Kandillerde hamurdan lokma dağıtılır. Sahurda keşli cevizli makarna
yenilmektedir. Bayramlarda büyükler ziyaret edilir.
f) Nevruz Gelenekleri
21
Mart günü baharın gelişini kutlamak amacıyla halk gruplar halinde
mesire yerlerine giderler. Bugün aynı zamanda türbeler ziyaret edilir,
dilekler tutulur. Kırlarda çeşitli eğlenceler düzenlenir. Maniler
söylenir, niyet çekilir, baharın ilk çiçekleri toplanır. Sabah erken
kalkılır, nevruzun ilk suyu ile yıkanmak geleneği vardır ve bugün
özenle giyinilir. Soğan kabuğu ile boyanmış yumurta pişirilip yenilerek
bolluk ve bereket dileklerinde bulunulur. Yüksek bir tepeye ateş
yakılarak baharın geldiği müjdelenir. Mudurnu ilçesinde nevruz “Hep
cennet”, Göynük ilçesinde “Mart Dokuzu” gibi isimlerle anılmaktadır.
g) Hıdrellez Gelenekleri
6
Mayıs Hıdrellez, Hızır ve İlyas Peygamberin yeryüzünde buluştuğu
gündür. Bugün pikniğe gidilip salıncağa binilmektedir, böylece
günahların atılacağına inanılmaktadır. Gece süt mayalanmadan
bırakıldığında Hızır’ın geleceği ve süte dokunarak mayalanacağı
düşünülmektedir. Eğer mayasız süt yoğurt olursa bir sene boyunca o
yoğurttan birer parmak alınarak diğer yiyeceklere de sürülür. Kekik
bitkisinin hıdrellezden sonraki günlerde toplanırsa şifalı olacağına
inanılır. Genelde kutlamalar için suyun ve yeşilliğin bol olduğu bir
yer tercih edilir. Bir gün önceki akşam herhangi bir gül ağacının
dibine küp gömülmekte ve sabah manilerle açılmaktadır. O gün hiçbir
tarla, bahçe işi yapılmaz. Ev isteyenler evlerinin bahçesine ev, bebek
isteyenler bezden bebekler yaparlar. Ateş yakılıp üstünden atlanır.
h) İnanışlar
Cuma
günü ev işi yapılmaz. Salı günü yeni bir elişine başlanılmaz. Ayın
başında ekin ekilmez. Kadın hasta olduğunda sandığını açmaz, turşuya el
değmez, turşu bozulur. Kırkı çıkmamış bebeği görmeye gitmez, bebek
sarılık olur. İki bayram arası düğün olmaz. Güneş tutulurken namaz
kılınır, ay tutulurken silah atılır. Kara kedi uğursuzluk sayılır.

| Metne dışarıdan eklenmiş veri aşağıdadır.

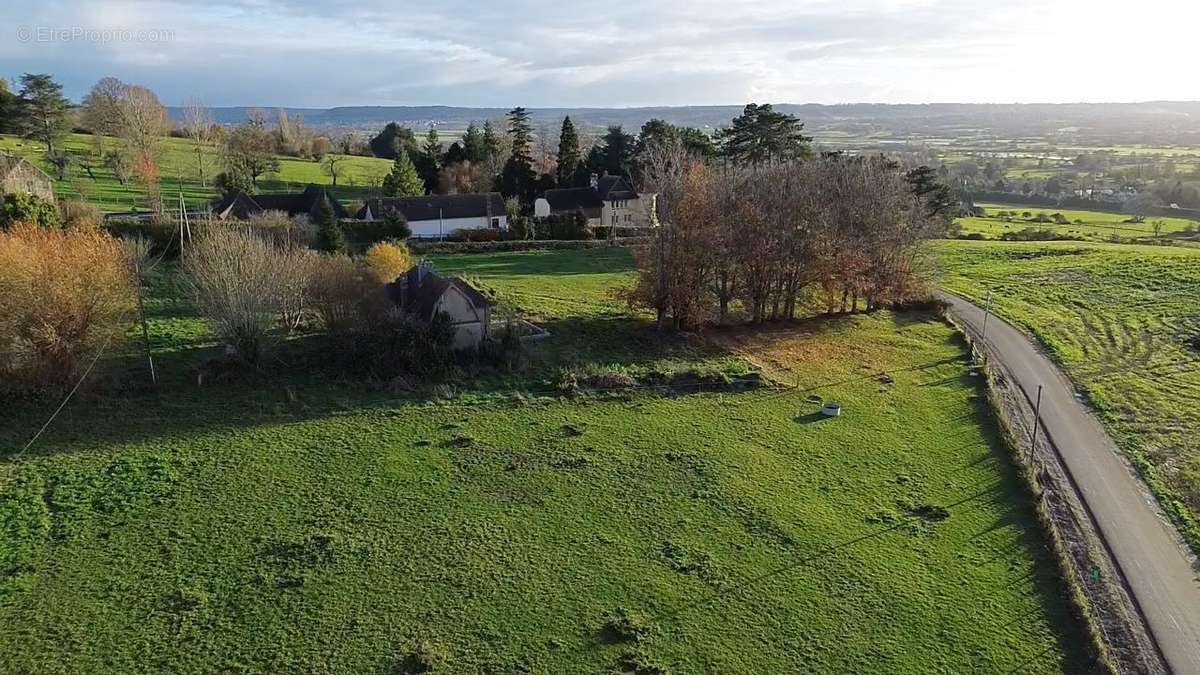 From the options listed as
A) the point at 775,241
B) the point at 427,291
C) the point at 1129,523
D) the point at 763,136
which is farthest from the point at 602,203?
the point at 1129,523

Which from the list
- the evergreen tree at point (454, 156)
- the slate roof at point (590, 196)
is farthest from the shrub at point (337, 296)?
the evergreen tree at point (454, 156)

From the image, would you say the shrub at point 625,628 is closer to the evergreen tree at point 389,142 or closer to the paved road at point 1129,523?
the paved road at point 1129,523

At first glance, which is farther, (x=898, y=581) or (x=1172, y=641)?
(x=898, y=581)

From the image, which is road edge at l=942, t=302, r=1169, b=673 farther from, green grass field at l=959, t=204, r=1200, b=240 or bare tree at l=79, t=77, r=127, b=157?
bare tree at l=79, t=77, r=127, b=157

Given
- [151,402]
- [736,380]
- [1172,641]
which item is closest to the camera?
[1172,641]

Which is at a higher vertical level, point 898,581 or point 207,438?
point 207,438

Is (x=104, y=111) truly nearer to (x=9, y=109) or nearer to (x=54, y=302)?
(x=9, y=109)

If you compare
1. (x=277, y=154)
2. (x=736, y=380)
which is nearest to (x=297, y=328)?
(x=736, y=380)

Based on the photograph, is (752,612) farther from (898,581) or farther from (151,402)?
(151,402) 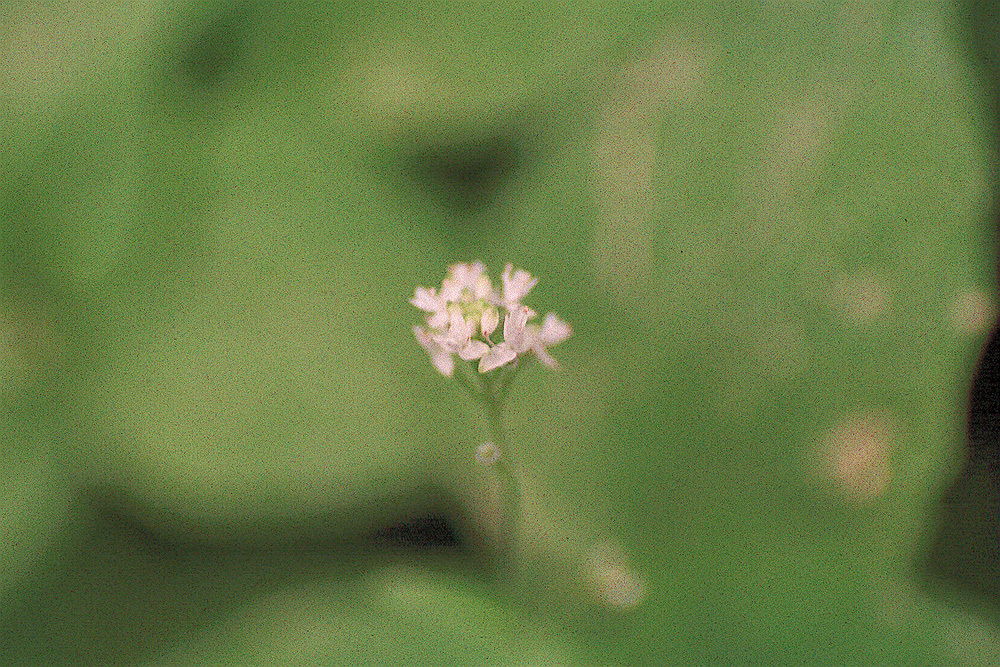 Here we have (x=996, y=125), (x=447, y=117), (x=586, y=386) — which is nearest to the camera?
(x=996, y=125)

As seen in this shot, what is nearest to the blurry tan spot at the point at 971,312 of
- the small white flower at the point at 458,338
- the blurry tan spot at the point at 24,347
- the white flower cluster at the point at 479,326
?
the white flower cluster at the point at 479,326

Köpek uluması hayra yorulmaz. Baykuşun bir evin bacasına konması ve
ötmesi o evden ölü çıkacağına işarettir. Kazak başlarken lastik örgü
yarım bırakılırsa iş üremez. Üzerine kuş pislemesi talihin açılacağına
işarettir. Gece dışarıya çöp atılmaz, cin çarpar. Gece sakız çiğnenmez,
ölü eti çiğnenir. Kapı eşiğine oturan iftiraya uğrar. Kız istemeye
giderken hayırlı olması için perşembe akşamı tercih edilir. Önce sağ
ayakkabı giyilir.
i) Ahilik Kültürü
Yüzyıllarca
Türk Esnaf Birliğini ve ekonomisini düzenleyen Ahilik Kuruluşu Mudurnu
ilçemizde yaşatılmıştır. Ahi sözcüğü Arapçada kardeşim anlamına
gelmektedir. Bir başka olasılıkla “akı”, birbirini kardeş sayan
ahilerde bu biçimi almıştır ve Türkçede eli açık, cömert, konuksever
ile eş anlamlıdır. Ahilerin kurdukları teşkilat bugünkü esnaf odaları,
ticaret odaları, sendikalar gibi kuruluşların görevini üstlenmiştir.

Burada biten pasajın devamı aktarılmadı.